With a coronial inquiry pending into Olga’s death, I am not attempting to proportion blame, nor, am I attempting to second guess the findings of the inquest. However, risk assessment forms, and verbal and written guarantees of safety do not save lives alone despite the potential to cover actions of clinicians and support workers.
More must be done in terms of education, even getting into schools and providing that education on healthy relationship choices, early warning signs of potential for domestic violence and other forms of familial abuse. Men and boys in particular need to be educated that their partners and children – other human beings – are not simply objects to be owned and possessed.

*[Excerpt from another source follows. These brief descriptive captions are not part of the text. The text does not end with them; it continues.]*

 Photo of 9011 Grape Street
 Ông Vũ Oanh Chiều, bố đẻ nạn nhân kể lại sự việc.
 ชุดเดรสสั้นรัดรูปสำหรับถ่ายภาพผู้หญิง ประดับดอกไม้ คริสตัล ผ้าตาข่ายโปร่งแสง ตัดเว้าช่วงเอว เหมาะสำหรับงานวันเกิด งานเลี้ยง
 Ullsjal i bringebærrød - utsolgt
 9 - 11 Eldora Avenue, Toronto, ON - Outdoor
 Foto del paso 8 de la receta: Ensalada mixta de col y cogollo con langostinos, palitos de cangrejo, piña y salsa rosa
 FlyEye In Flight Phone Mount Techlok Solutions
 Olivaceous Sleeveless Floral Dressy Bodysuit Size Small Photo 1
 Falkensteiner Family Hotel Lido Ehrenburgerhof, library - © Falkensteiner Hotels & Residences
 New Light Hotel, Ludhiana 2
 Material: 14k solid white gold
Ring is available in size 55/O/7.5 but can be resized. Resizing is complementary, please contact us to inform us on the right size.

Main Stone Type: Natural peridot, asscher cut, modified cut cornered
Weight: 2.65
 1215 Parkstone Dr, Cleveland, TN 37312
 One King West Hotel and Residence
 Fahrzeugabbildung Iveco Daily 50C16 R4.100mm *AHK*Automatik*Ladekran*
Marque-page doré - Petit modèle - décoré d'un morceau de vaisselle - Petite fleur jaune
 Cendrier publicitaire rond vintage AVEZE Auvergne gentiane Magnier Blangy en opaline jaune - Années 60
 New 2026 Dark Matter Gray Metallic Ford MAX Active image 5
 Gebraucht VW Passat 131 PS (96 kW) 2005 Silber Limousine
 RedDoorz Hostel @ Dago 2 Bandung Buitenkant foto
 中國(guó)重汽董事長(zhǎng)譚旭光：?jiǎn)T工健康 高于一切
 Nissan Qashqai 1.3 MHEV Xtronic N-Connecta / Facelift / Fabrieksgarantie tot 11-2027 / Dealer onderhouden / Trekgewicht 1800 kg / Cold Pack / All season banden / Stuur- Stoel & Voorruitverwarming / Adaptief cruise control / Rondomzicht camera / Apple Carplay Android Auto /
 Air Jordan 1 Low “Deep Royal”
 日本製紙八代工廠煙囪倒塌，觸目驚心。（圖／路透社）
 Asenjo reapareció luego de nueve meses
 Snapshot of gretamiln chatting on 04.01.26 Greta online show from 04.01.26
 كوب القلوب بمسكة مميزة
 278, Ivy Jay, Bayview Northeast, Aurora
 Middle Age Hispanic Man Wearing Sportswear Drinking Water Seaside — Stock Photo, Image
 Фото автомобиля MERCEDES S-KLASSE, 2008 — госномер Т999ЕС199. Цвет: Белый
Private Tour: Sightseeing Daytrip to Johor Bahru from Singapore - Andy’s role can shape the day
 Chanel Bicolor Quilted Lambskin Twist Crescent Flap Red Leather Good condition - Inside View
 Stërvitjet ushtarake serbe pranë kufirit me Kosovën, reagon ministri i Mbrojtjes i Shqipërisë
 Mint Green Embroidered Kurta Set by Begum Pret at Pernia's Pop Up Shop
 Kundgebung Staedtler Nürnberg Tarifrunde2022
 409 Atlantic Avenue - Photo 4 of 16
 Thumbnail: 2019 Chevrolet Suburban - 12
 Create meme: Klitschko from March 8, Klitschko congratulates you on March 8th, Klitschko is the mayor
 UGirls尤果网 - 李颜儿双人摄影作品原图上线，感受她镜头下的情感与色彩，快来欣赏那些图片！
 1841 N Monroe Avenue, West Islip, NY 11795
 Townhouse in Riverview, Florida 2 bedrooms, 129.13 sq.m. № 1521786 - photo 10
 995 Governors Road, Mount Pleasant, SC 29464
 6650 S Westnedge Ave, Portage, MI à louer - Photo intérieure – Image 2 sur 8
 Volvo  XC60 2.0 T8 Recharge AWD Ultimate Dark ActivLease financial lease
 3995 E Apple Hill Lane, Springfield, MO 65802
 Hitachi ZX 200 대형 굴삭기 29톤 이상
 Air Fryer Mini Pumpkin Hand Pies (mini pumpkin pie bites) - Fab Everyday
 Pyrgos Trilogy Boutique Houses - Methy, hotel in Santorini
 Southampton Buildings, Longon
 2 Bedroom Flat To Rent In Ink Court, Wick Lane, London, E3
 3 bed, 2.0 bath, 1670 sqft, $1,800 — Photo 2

A clinical and otherwise intuitive approach would take into account the horrific sequence of events this poor woman was subjected to. With her first Christmas approaching following the senseless murder of her children, well-trained clinical and support staff would have likely been aware the holiday period was likely to be the most difficult period for Olga, despite any assurances that may have been issued by the individual that harming themselves was out of the question.
Olga’s mother and her family as are all the relatives affected by her children’s murders are deep in my thoughts. Community help, support and concerns should never, ever stop for them or the devastation inflicted on all affected by the family murders and suicides that capped off a nightmare year for women and their families throughout Australia in 2018.
Our federal government again has been largely conspicuously absent from any conversations related to domestic and family violence, preferring to ring the fear and loathing bell for national security, all that despite the horrific death toll during 2018 for women and families. ‘
Astonishingly, they are now concocting a baseless argument in regards for religious protections, unsubstantiated protections for those of faith. We do have a national security problem and it comes from within from our own kind and that is white Anglo-Saxon Australian males.
Meanwhile, Olga’s tragic death should also be included in the figures* for the almost 70 women who were reportedly killed throughout 2018 at the hands of men; usually their current, or, estranged partners. Because the moment her two children were taken so cruelly from her, Olga’s soul and being were also killed and she is as much of a victim of domestic violence irrespective of how she died in the end.
*Statistics compiled by the Counting Dead Women Australia researchers of Destroy the Joint.